Data excerpts
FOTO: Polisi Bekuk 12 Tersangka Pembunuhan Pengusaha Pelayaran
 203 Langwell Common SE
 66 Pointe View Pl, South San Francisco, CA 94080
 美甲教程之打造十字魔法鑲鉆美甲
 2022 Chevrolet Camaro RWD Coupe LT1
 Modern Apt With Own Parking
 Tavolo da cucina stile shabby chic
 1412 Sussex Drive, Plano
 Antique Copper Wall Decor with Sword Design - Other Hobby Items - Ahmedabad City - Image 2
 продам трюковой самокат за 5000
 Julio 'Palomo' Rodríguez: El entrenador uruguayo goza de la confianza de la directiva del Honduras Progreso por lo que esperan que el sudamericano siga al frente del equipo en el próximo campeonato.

What to do
Only the lines from the one containing "Antique Copper Wall" to the end of the records should be repeated, exactly as they appear.

Solution for this exercise
 Antique Copper Wall Decor with Sword Design - Other Hobby Items - Ahmedabad City - Image 2
 продам трюковой самокат за 5000
 Julio 'Palomo' Rodríguez: El entrenador uruguayo goza de la confianza de la directiva del Honduras Progreso por lo que esperan que el sudamericano siga al frente del equipo en el próximo campeonato.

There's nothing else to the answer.